Pros are the typeIds buffer is tiny, and doesn't require metadata
propagation or string matching to maintain type information.
Cons are this is really an abuse of the Union type, and since the typeId
buffer is (implicitly?) an Int8, we can only have 255 extension types
today. We don't have that many yet, but that could be an issue if this
pattern were generalized to any number of custom types.
I'm not sure how widely supported Unions are across the Arrow
implementations or ecosystem (unsure about pandas, Rapids/cuDF no
support yet), but maybe this pattern could work more generally if we
defined an enum of "well-known" extension typeIds?
Thanks,
Paul
On 2/25/19 3:32 PM, Wes McKinney wrote:
hi folks,
I recently wrote a patch to propose a C++ API for user-defined "extension" types
https://github.com/apache/arrow/pull/3694
The idea is that an extension type wraps a pre-existing Arrow type.
For example a UUIDType can be represented as FixedSizeBinary(16).
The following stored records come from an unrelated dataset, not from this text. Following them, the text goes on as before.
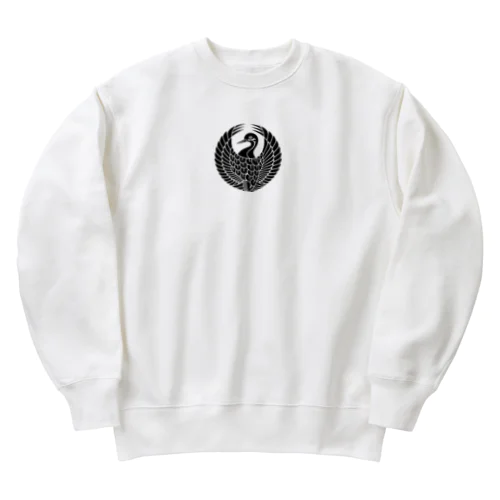  Mori family traditional crane Heavyweight Crew Neck Sweatshirt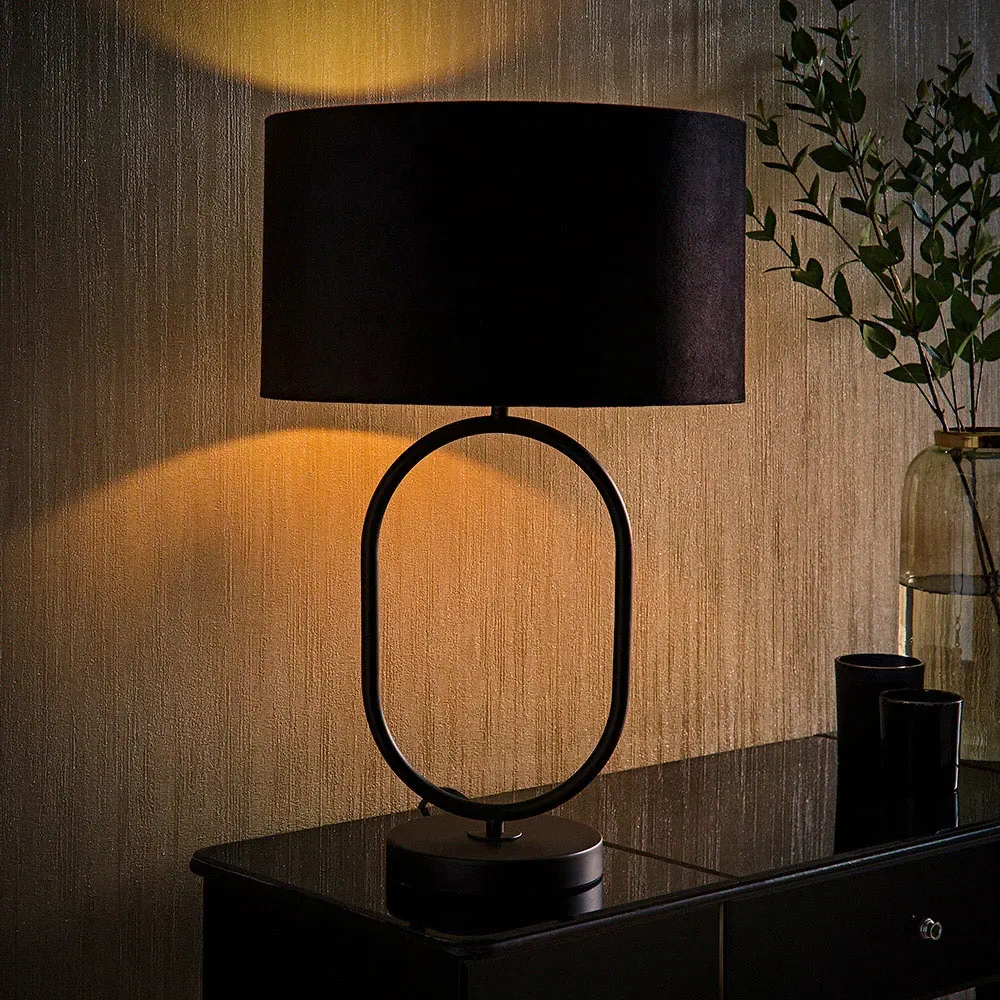 Antonia Oval Table Lamp with LED - Black, Velvet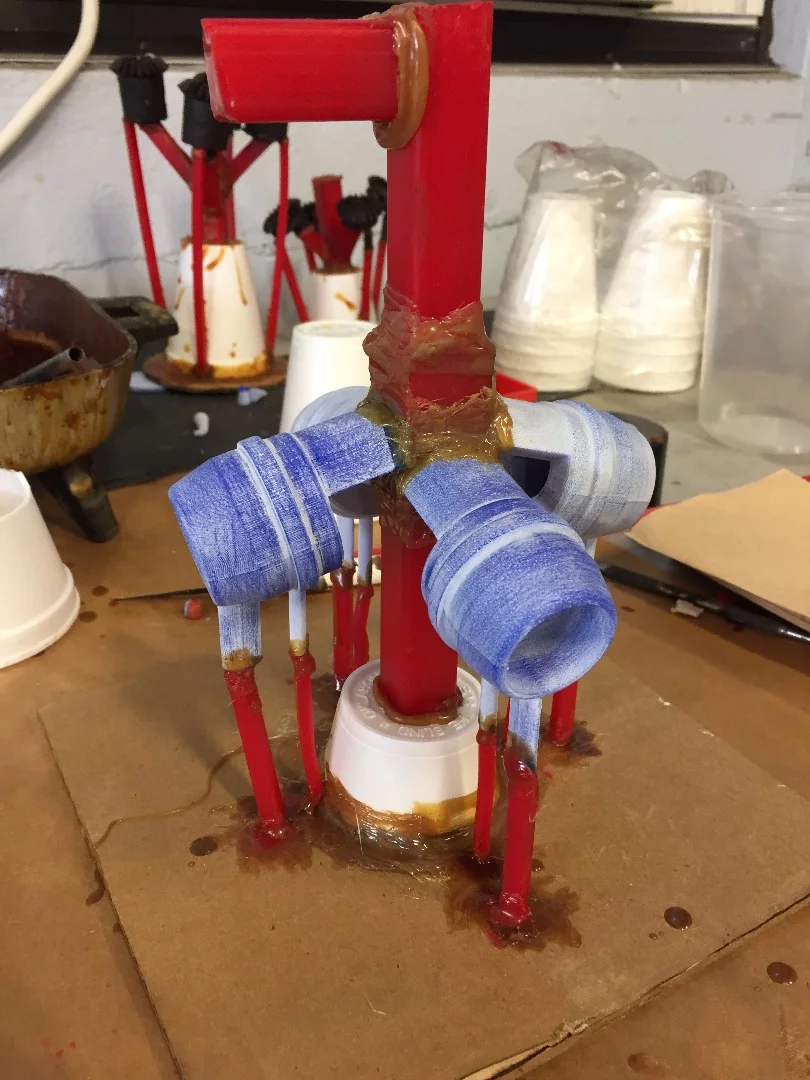 Wax molds are ready for placement in plaster molds, one of four methods used to print the M781 ammunition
The
intent is that Arrow consumers which are not aware of an extension
type can ignore the additional type metadata and still interact with
the raw storage
One question is how to permit such metadata to be preserved through
IPC / RPC messages (i.e., Schema.fbs) and how other languages can
interact with it. There are couple options:
* What I implemented in my patch: use the Field-level custom_metadata
field with known key names "arrow_extension_name" and
"arrow_extension_data" for the type's unique identifier and serialized
form, respectively. If we opt for this, then we should add a section
to the specification to codify the convention used
* Add a new field to the Field table in Schema.fbs
The former is attractive in the sense that consumers who don't have
special handling for an extension type will carry along the Field
metadata in their schema, so it can be passed on in subsequent IPC
messages without writing any extra code.
Thoughts about this? With a C++ implementation landing, it would be
great to identify a champion to create a Java implementation and also
add integration test support to ensure that consumers do not destroy
the extension type metadata for unrecognized types (i.e. if I send you
data that says it's "uuid" and you don't know what that is yet, you
preserve the metadata fields anyway).
Thanks
Wes